2. An ink jet printer according to claim 1, wherein said circuit means is adapted to operate in such manner that the degree of strain of said electrostriction element is increased when said temperature sensitive element senses a relatively low temperature and the degree of strain of said electrostriction element is decreased when said temperature sensitive element senses a relatively high temperature.

1. Field of the Invention

The present invention relates to an ink jet printer for forming desired characters or images by emission of liquid ink in the form of droplets, and more particularly to such ink jet printer capable of realizing constant ink droplet emission regardless of the temperature dependence of ink viscosity.

2. Description of the Prior Art

There are already known and used various types of ink jet printer. Such ink jet printer is generally provided with an electrostriction element which is associated with a part of an ink chamber storing the ink and is deformed by the application of a determined voltage to reduce the volume of said ink chamber, thereby emitting an ink droplet with a diameter in a range of 50-100 μm from an ink nozzle of a corresponding diameter provided in said ink chamber. The ink suitable for used in such ink jet printer has to have certain physical properties for dot formation mechanism, and is provided generally with a viscosity in a range of 2-10 cp and a surface tension in a range of 40-50 dyne/cm2. Among these properties, the viscosity has a particularly strong temperature dependence and may easily be located out of the appropriate range even in a temperature range of 0-40 C. in which the apparatus has to show normal function. Particularly at a low temperature the normal ink emission is often hindered by a high viscosity.

In order to avoid such drawback there has been employed a heating device for maintaining the ink at an appropriate temperature.
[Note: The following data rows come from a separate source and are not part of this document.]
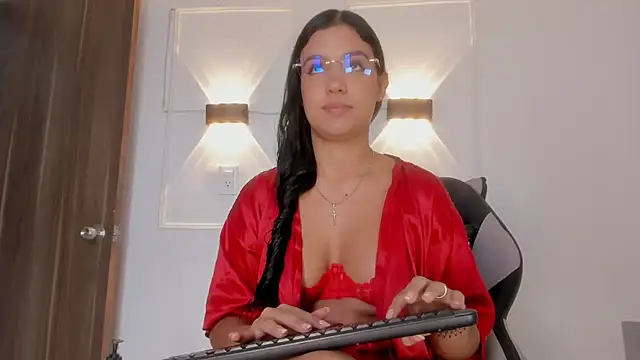 Hanna Risso online show from 05/20/26, 06:16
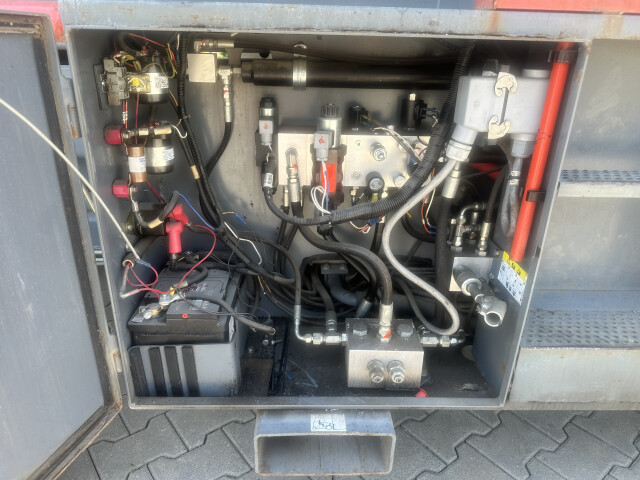 Nacela Skyjack SJ9250 - 2016 / 15,2 m Inaltime / Scena L 4250+1720 l 1820 Nacela Skyjack SJ9250 - 2016 / 15,2 m Inaltime / Scena L 4250+1720 l 1820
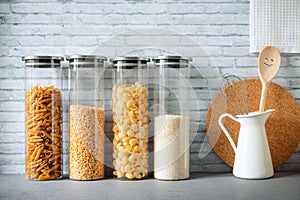  , cereali fagioli trasparente bicchiere tazze sul la cucina lavello sciupare la cucina pasto magazzinaggio la cucina 
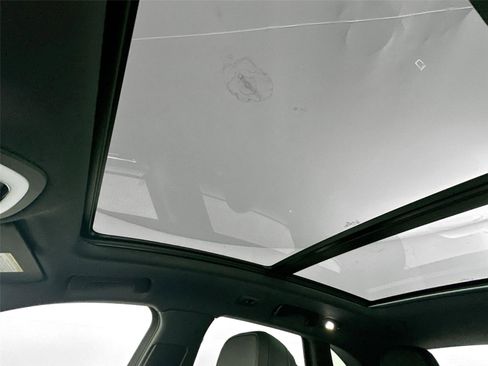 Certified 2026 Porsche Macan AWD/4WD image 35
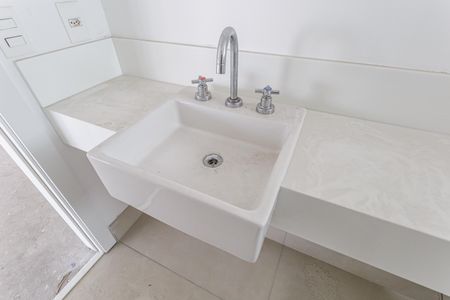 Apartamento à venda com 231m², 3 quartos e 4 vagas Apartamento à venda com 231m², 3 quartos e 4 vagasBanheiro Social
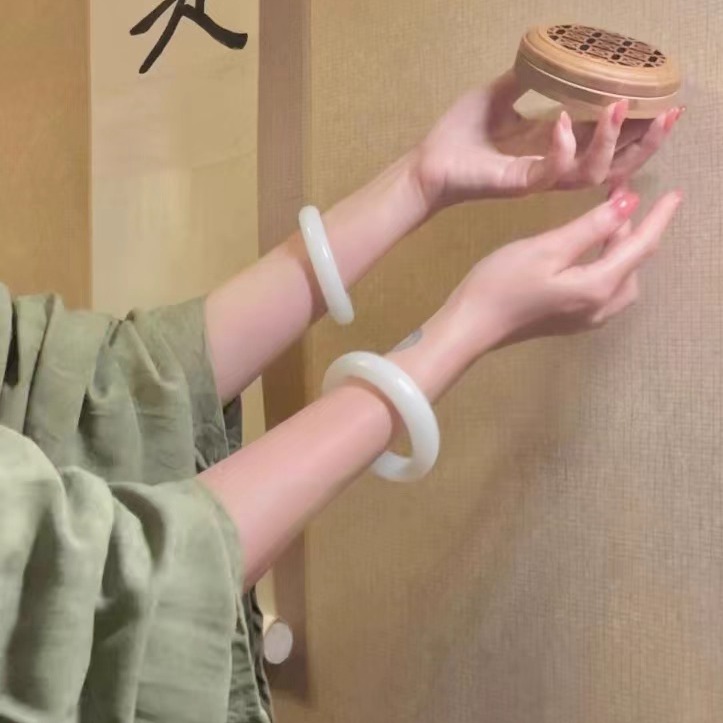 玉长情【青眸系列】翡翠玉手镯子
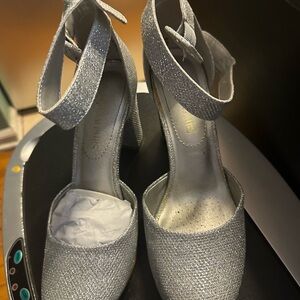 Dream Pairs Glittering Silver Heels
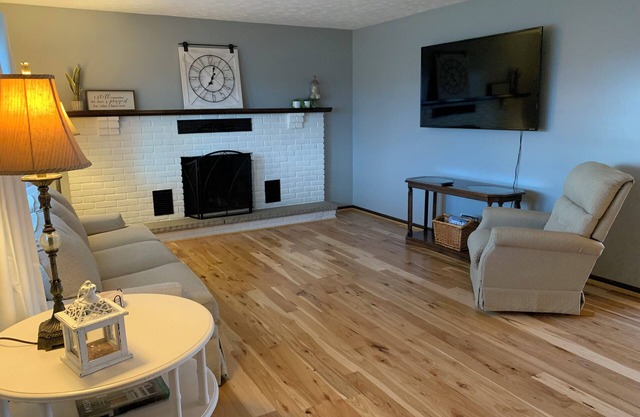 Charming 3-bedroom house with WiFi and AC in the heart of Walnut Creek.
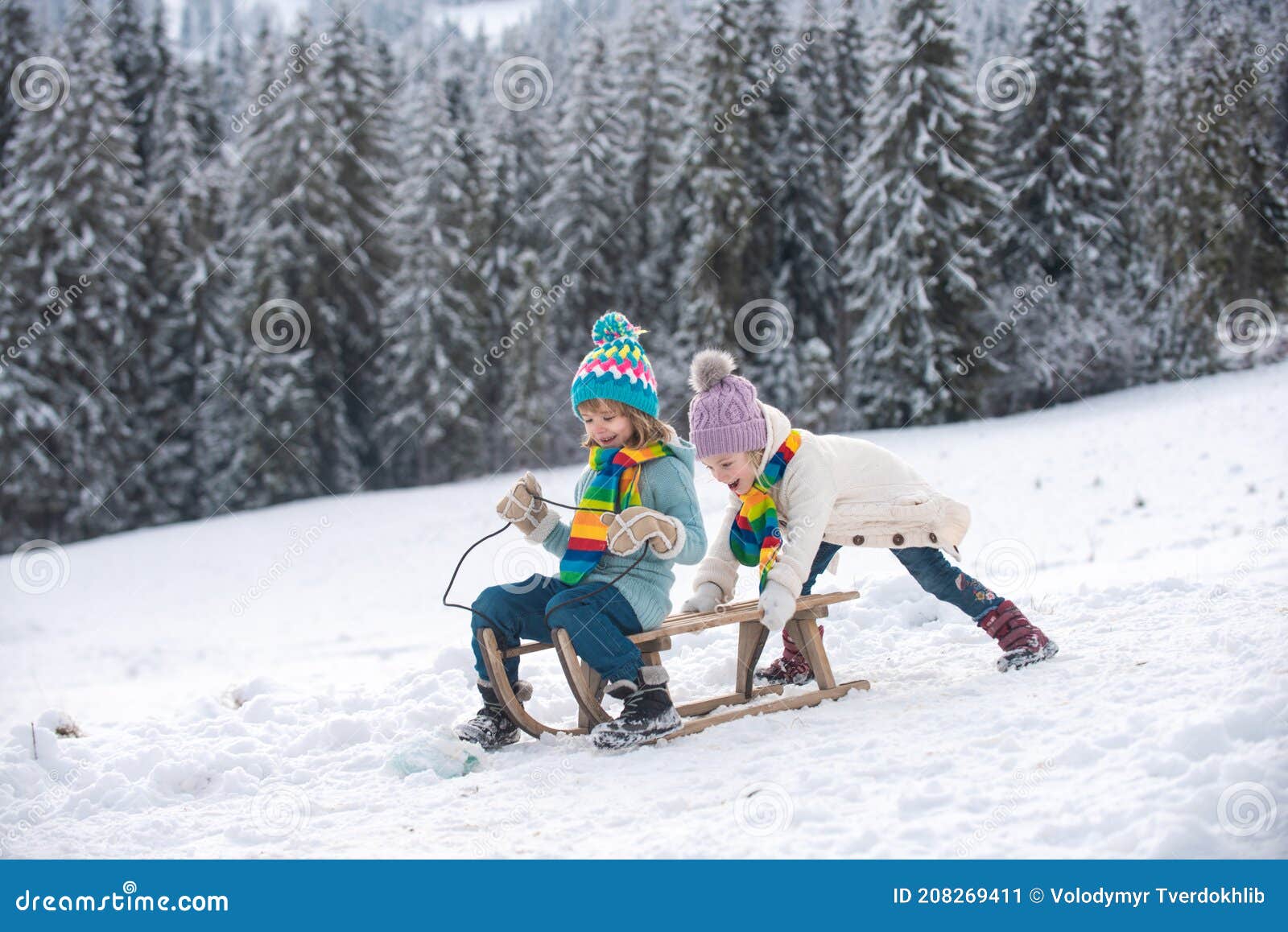 Engraçado menina criança brincando em bolas de neve. inverno jogo de  inverno para crianças. criança se divertindo na época do natal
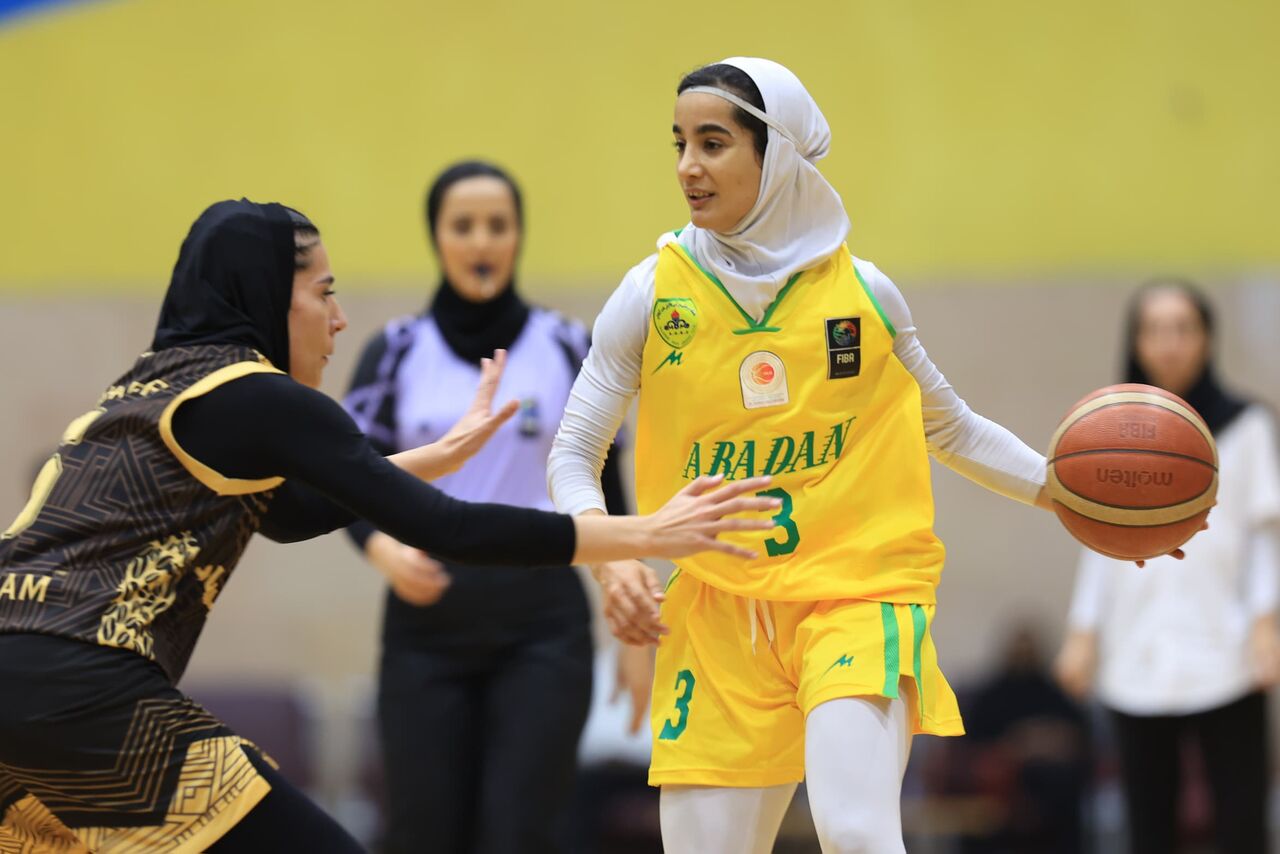 پالایش نفت آبادان، حریف مشهدی را زمین‌گیر کرد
However, though such method is effective for achieving appropriate physical properties when the ink is maintained at a constant temperature, such method inevitably requires a certain time for heating the ink to a determined temperature after the power supply is turned on, thus causing a delay before the printer becomes functionable.


The object of the present invention is to provide an ink jet printer capable of compensating the temperature-dependent change in ink viscosity in a secure and inexpensive manner thereby enabling immediate use of the printer without delay in time as mentioned above.


FIG. 1 is a chart showing an example of the viscosity-temperature characteristic of ink;

FIG. 2A is a circuit diagram showing an example of the drive circuit for the electrostriction element in the conventional ink jet printer;

FIG. 2B is a waveform chart showing the voltage applied to said electrostriction element;

FIG. 3 is a chart showing an example of the voltage applied to the electrostriction element as a function of temperature according to the present invention; and

FIG. 4 is a circuit diagram showing an example of the power supply circuit for obtaining the characteristic shown in FIG. 3.


Now the present invention will be clarified in detail by the following description of an embodiment thereof to be taken in conjunction with the attached drawings.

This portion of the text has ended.